Kierowcy z sentymentem wspominają czasy, gdy ulicą Noniewicza można było przejechać nie stojąc w długim korku. Sytuacja poprawić się ma wraz z przebudową skrzyżowania tej drogi z ulicą Dwernickiego. Do lipca zbudowane mają zostać tam prawoskręty.
- Jednokierunkowa Noniewicza wcale nie jest taka uciążliwa. Gorzej z ruchem ulicznym kierującym się na północ miasta - mówi taksówkarz z granatowego audi. Narzeka, że w godzinach szczytu korkuje się tam cała droga. Korek sięga często skrzyżowania z Waryńskiego. Szczególnie w okresie świąt sytuacja na tym odcinku staje się wyjątkowo nerwowa. Na końcu tej ulicy znajduje się centrum handlowe, a po nieudanej rewitalizacji Kościuszki, przeniosły się tam też sklepy i instytucje.
Rozwiązaniem tej sytuacji ma być rozbudowa skrzyżowania Noniewicza z Dwernickiego. Już w tym roku pojawią się tam prawoskręty. Zbudowane mają one zostać na wlotach ulic: zachodnim Dwernickiego i południowym Noniewicza. Ponadto zmodernizowana zostanie sygnalizacja świetlna, tak aby pasowała do rozbudowanego skrzyżowania.

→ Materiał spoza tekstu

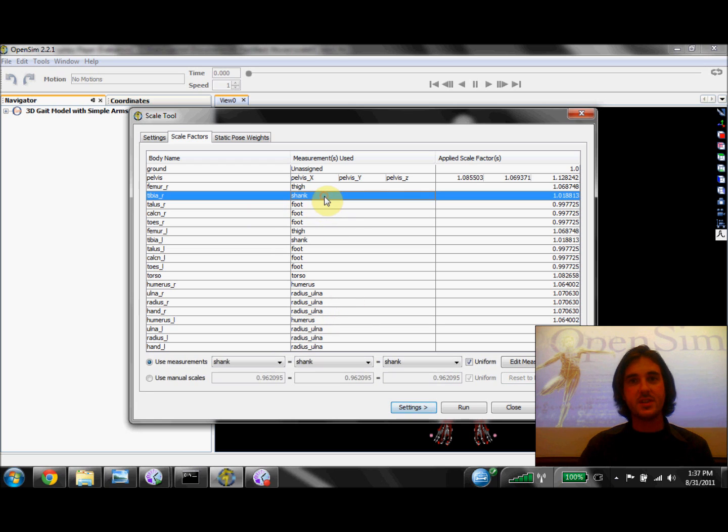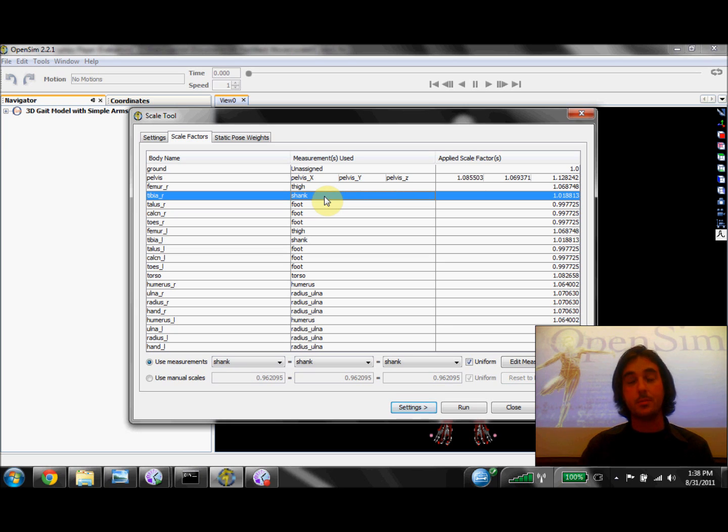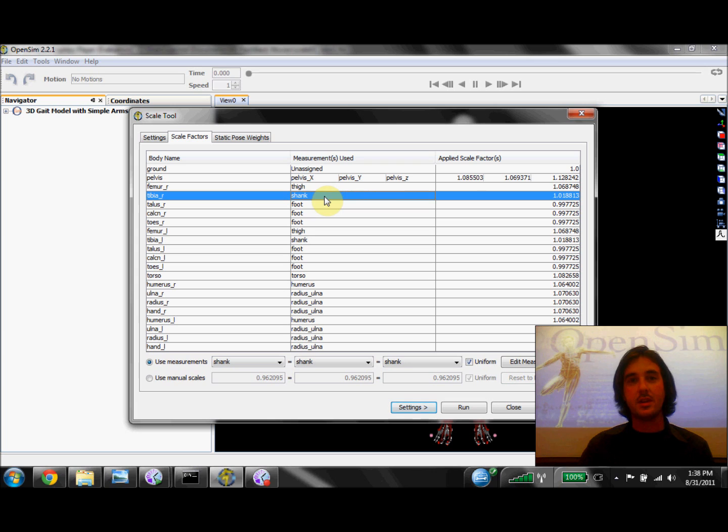For example, for the tibia segment, I've specified a pair of markers that I placed on the knee and the ankle, which I can identify by bony landmarks both on my subject and on the model. The Scale tool will then compare the experimental and virtual markers to calculate that scale factor. And this has been repeated here for each of the segments in the model.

Takie plany ratuszowych drogowców kierowcy witaj jednak z lekką obawą. - Rozgrzebią skrzyżowanie przy Plazie? Ale przecież w przyszłym roku będą przebudowywać też krzyżówkę Dwernickiego z Kościuszki. Dojazd do centrum będzie tylko zakorkowaną Utratą i Bulwarową. To będzie drogowa masakra - wieszczy Paweł z białego golfa. Cieszy jednoczenie, że mieszka w południowej części miasta.

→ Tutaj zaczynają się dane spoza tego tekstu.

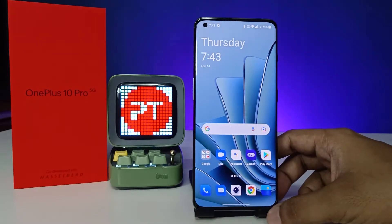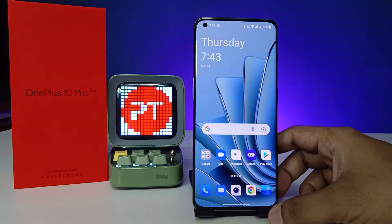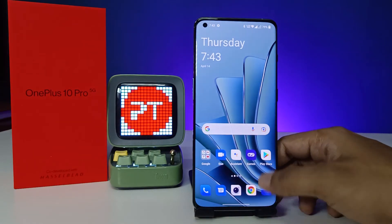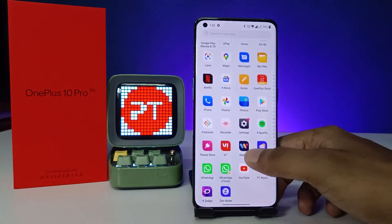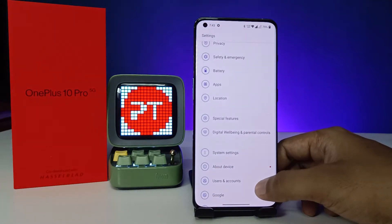Hey guys, welcome back to Phone Tricks. In this video we will learn how to remove the Google account from the OnePlus 10 Pro smartphone. To get started, first of all open Settings of the phone, then you need to choose Users and Accounts.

Kiedy budowlańcy wejdą na skrzyżowanie na Kościuszki jeszcze nie wiadomo. Wiemy za to, że ruch będzie tam ograniczony już od Domu Nauczyciela. Drogowcy chcą więc, aby jak najszybciej zakończone zostały prace przy ulicy Noniewicza. - Prezydent chciałby, aby prawoskręty na tym skrzyżowaniu wykonane zostały do dnia rozpoczęcia Suwałki Blues Festiwalu - wyjaśnia Tomasz Łazarski, dyrektor suwalskiego Zarządu Dróg i Zieleni.